## SUPPLIED INFORMATION

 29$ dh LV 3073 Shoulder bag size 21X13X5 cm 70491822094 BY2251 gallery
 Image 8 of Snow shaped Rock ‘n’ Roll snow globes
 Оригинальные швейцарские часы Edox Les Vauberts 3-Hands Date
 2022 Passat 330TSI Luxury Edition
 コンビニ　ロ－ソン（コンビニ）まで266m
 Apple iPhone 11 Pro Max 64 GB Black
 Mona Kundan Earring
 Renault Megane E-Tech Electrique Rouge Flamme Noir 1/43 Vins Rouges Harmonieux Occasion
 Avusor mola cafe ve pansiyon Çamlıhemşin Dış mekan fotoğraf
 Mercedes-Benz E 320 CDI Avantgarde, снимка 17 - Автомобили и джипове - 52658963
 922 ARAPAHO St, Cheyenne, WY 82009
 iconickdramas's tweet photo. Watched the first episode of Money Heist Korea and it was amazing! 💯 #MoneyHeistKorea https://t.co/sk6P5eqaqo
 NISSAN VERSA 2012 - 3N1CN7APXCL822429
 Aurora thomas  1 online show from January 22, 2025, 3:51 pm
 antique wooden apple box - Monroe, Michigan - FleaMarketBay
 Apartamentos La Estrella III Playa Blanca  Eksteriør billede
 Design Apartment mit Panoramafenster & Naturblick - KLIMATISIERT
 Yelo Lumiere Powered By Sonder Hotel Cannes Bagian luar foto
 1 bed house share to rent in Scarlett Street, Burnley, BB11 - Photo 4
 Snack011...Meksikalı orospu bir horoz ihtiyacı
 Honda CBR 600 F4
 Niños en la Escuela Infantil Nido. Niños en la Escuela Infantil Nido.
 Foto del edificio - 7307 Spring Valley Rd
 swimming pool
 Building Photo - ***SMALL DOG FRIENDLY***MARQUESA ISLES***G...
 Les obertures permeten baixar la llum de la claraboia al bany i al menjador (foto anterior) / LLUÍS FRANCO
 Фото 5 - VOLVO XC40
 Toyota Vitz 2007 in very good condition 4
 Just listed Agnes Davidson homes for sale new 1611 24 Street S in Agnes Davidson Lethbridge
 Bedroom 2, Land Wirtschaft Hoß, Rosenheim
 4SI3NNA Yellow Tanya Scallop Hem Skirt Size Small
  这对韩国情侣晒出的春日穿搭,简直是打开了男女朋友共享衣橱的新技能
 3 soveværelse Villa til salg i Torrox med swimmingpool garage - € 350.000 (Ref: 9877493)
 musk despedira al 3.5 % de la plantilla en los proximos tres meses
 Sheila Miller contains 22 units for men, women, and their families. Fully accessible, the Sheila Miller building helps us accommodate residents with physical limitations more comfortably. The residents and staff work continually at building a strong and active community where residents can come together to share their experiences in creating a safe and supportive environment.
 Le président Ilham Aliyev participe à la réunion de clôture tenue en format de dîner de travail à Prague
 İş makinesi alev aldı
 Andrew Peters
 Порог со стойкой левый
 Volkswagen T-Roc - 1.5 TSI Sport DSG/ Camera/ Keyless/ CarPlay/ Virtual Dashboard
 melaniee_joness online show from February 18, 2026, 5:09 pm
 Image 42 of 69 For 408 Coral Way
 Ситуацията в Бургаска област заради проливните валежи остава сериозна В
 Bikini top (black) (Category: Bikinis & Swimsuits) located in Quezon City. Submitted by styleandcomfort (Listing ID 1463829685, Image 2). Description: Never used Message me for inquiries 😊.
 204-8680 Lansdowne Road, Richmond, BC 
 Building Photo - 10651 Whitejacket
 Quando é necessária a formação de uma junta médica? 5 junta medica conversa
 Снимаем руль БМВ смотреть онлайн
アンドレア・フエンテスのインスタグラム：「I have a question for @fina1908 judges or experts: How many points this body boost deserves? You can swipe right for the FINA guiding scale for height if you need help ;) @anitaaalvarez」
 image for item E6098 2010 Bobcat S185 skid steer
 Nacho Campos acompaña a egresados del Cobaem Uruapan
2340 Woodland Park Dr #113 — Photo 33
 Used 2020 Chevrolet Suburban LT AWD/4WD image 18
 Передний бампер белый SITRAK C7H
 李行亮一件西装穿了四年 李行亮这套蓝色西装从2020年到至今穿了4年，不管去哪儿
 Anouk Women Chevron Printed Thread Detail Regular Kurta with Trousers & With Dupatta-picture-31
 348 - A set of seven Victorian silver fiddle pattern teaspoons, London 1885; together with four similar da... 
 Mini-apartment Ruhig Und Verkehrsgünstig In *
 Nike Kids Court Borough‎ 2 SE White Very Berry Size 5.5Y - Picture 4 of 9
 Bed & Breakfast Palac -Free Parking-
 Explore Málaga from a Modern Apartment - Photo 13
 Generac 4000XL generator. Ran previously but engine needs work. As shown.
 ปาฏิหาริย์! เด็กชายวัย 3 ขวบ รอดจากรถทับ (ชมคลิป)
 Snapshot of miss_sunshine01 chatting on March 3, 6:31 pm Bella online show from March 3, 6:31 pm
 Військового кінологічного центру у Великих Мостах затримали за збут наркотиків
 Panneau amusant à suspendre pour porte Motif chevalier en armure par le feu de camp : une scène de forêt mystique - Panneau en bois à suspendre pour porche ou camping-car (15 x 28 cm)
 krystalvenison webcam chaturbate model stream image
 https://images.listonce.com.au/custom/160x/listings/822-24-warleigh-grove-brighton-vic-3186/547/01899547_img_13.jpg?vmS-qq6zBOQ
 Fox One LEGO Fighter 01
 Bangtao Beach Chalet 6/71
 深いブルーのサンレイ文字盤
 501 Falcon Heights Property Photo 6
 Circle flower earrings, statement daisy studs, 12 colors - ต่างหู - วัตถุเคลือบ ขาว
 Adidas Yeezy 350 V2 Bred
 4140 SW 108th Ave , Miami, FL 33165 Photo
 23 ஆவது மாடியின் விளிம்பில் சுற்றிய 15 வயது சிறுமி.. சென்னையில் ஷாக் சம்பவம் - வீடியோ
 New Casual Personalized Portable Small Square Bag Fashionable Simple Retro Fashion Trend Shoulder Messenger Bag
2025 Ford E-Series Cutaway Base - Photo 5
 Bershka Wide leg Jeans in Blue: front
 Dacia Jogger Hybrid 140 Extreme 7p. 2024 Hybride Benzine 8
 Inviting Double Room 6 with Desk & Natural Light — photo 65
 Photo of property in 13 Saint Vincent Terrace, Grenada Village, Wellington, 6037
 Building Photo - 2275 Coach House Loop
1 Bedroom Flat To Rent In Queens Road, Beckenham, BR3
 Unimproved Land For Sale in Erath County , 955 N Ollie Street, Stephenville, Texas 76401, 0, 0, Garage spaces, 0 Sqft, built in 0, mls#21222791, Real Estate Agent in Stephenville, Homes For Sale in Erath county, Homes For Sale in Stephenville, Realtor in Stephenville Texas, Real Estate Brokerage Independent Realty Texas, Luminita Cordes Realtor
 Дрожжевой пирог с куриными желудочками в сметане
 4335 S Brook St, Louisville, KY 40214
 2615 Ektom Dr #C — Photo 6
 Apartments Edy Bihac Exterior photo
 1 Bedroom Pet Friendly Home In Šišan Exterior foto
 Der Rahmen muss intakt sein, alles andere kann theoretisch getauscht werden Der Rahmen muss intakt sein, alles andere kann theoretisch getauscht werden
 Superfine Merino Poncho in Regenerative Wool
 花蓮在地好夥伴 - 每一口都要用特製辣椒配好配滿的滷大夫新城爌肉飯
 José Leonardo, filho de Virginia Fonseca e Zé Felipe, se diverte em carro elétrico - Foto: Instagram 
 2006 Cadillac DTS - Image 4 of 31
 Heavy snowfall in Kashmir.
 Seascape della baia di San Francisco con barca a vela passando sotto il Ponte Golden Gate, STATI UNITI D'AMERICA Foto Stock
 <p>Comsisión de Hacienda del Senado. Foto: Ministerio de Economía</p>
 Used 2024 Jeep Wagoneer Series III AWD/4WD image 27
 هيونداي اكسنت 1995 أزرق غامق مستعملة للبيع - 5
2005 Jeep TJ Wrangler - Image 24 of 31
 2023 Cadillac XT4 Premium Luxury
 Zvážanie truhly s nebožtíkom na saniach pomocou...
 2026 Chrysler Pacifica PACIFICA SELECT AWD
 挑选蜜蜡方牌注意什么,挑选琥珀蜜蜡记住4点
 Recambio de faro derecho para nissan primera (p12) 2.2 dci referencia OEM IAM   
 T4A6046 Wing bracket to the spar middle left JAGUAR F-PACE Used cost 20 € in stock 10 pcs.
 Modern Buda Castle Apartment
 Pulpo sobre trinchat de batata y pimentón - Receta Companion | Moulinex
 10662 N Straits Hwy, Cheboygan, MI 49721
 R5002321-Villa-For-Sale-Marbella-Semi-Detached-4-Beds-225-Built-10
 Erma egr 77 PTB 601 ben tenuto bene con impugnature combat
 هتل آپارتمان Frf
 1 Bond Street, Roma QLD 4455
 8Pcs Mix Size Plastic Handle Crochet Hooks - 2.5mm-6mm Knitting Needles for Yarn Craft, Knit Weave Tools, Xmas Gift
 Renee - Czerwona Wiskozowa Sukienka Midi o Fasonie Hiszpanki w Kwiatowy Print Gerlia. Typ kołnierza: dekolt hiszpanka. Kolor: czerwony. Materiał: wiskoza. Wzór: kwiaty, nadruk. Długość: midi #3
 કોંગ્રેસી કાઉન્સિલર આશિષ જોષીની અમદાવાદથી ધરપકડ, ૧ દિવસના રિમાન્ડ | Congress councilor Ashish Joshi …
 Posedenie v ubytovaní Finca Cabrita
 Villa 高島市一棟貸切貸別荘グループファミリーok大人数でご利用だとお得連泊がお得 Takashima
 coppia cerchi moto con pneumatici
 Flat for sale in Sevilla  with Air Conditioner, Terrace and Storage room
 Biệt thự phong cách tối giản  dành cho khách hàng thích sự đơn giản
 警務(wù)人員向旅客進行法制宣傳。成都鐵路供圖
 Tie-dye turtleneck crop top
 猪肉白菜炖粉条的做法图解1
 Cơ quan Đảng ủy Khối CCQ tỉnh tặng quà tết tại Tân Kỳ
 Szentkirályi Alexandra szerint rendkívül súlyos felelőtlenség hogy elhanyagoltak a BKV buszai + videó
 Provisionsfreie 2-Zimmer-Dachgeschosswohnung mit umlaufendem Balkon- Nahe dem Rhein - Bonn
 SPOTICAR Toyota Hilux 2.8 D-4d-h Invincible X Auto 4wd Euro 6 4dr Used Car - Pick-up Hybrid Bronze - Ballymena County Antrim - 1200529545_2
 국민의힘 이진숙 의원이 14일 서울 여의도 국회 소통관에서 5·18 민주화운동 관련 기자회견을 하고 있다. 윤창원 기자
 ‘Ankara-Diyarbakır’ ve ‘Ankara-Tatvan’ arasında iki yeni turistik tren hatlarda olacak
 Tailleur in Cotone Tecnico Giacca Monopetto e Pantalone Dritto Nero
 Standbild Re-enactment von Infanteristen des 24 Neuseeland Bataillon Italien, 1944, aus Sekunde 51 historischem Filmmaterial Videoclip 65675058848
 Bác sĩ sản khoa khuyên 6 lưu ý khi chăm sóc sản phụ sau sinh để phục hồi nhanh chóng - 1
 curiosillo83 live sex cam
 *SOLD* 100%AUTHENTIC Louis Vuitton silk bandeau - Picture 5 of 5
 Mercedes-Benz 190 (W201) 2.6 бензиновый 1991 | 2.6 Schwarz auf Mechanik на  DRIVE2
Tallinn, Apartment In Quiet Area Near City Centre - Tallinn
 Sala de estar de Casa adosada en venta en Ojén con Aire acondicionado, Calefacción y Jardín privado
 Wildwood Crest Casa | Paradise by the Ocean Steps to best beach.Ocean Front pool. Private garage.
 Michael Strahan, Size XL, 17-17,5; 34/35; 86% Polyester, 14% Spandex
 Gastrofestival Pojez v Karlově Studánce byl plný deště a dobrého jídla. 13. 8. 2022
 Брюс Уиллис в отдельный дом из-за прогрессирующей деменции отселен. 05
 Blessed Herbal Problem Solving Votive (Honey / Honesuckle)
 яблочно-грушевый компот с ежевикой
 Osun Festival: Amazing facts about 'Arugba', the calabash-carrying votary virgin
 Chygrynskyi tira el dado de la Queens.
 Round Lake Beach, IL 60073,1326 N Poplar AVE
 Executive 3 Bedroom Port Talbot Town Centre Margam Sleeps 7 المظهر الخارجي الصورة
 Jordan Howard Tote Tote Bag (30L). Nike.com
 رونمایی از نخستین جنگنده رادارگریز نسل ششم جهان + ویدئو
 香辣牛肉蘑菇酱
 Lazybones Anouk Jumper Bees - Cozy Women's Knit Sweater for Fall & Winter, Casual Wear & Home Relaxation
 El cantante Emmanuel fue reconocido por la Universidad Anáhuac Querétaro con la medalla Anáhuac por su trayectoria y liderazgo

## ASSIGNED TASK
Could you restate, word for word, the lines above from the one with "10662 N Straits Hwy, Cheboygan, MI 49721" to the one with "Villa 高島市一棟貸切貸別荘グループファミリーok大人数でご利用だとお得連泊がお得 Takashima", both included?

## ANSWER SECTION
 10662 N Straits Hwy, Cheboygan, MI 49721
 R5002321-Villa-For-Sale-Marbella-Semi-Detached-4-Beds-225-Built-10
 Erma egr 77 PTB 601 ben tenuto bene con impugnature combat
 هتل آپارتمان Frf
 1 Bond Street, Roma QLD 4455
 8Pcs Mix Size Plastic Handle Crochet Hooks - 2.5mm-6mm Knitting Needles for Yarn Craft, Knit Weave Tools, Xmas Gift
 Renee - Czerwona Wiskozowa Sukienka Midi o Fasonie Hiszpanki w Kwiatowy Print Gerlia. Typ kołnierza: dekolt hiszpanka. Kolor: czerwony. Materiał: wiskoza. Wzór: kwiaty, nadruk. Długość: midi #3
 કોંગ્રેસી કાઉન્સિલર આશિષ જોષીની અમદાવાદથી ધરપકડ, ૧ દિવસના રિમાન્ડ | Congress councilor Ashish Joshi …
 Posedenie v ubytovaní Finca Cabrita
 Villa 高島市一棟貸切貸別荘グループファミリーok大人数でご利用だとお得連泊がお得 Takashima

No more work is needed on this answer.